Topics in Sequence Analysis
- Series
- Dissertation Defense
- Time
- Monday, November 5, 2012 - 12:30 for 1.5 hours (actually 80 minutes)
- Location
- Skiles 005
- Speaker
- Jinyong Ma – School of Mathematics, Georgia Tech
This work studies two topics in sequence analysis. In the first part, we
investigate the large deviations of the shape of the random RSK Young
diagrams, associated with a random word of size n whose letters are
independently drawn from an alphabet of size m=m(n). When the letters are
drawn uniformly and when both n and m converge together to infinity, m
not growing too fast with respect to n, the large deviations of the shape
of the Young diagrams are shown to be the same as that of the spectrum of
the traceless GUE. Since the length of the top row of the Young diagrams is
the length of the longest (weakly) increasing subsequence of the random
word, the corresponding large deviations follow. When the letters are drawn
with non-uniform probability, a control of both highest probabilities will
ensure that the length of the top row of the diagrams satisfies a large
deviation principle. In either case, speeds and rate functions are
identified. To complete this first part, non-asymptotic concentration bounds
for the length of the top row of the diagrams are obtained.

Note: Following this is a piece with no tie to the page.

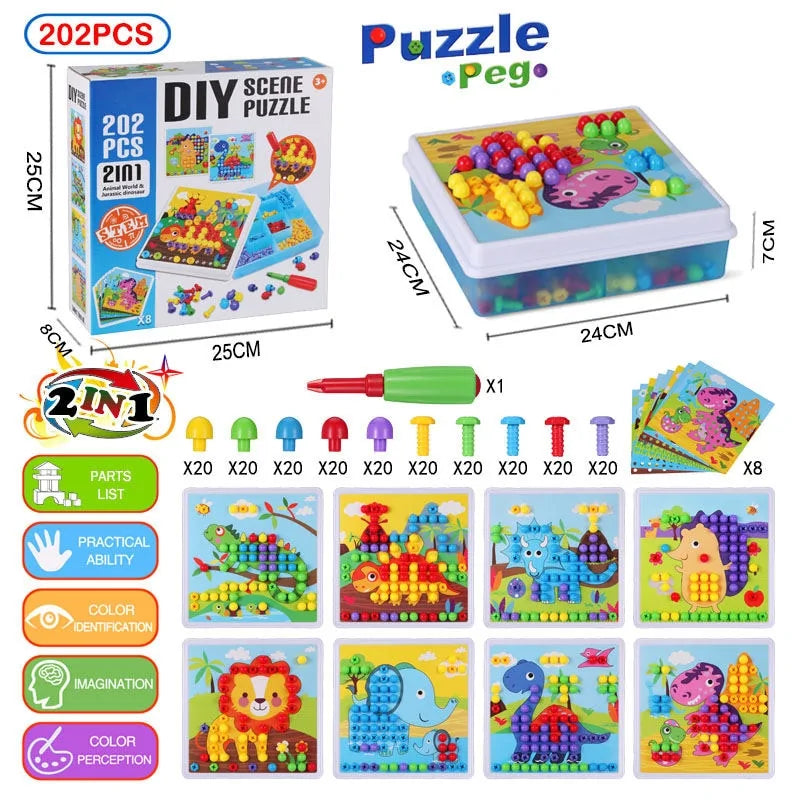 3D Mosaic Puzzle Building Bricks with Drilling Screw Toys for Children - Daileylife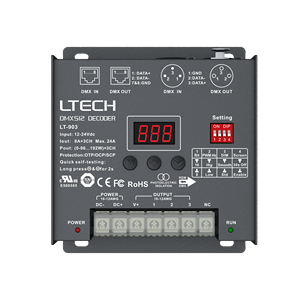 Ltech LT-903-DIP DMX 512 Decoder LT-903 8bit 16bit RDM RGB 8A * 3CH Max.24A Max.576W XLR RJ45 rdmx Decoder per illuminazione scenica - Product Image 2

In the second part, we investigate the order of the r-th, 1\le r <
+\infty, central moment of the length of the longest common subsequence of
two independent random words of size n whose letters are identically
distributed and independently drawn from a finite alphabet. When all but one
of the letters are drawn with small probabilities, which depend on the size
of the alphabet, the r-th central moment is shown to be of order
n^{r/2}. In particular, when r=2, the order of the variance is linear.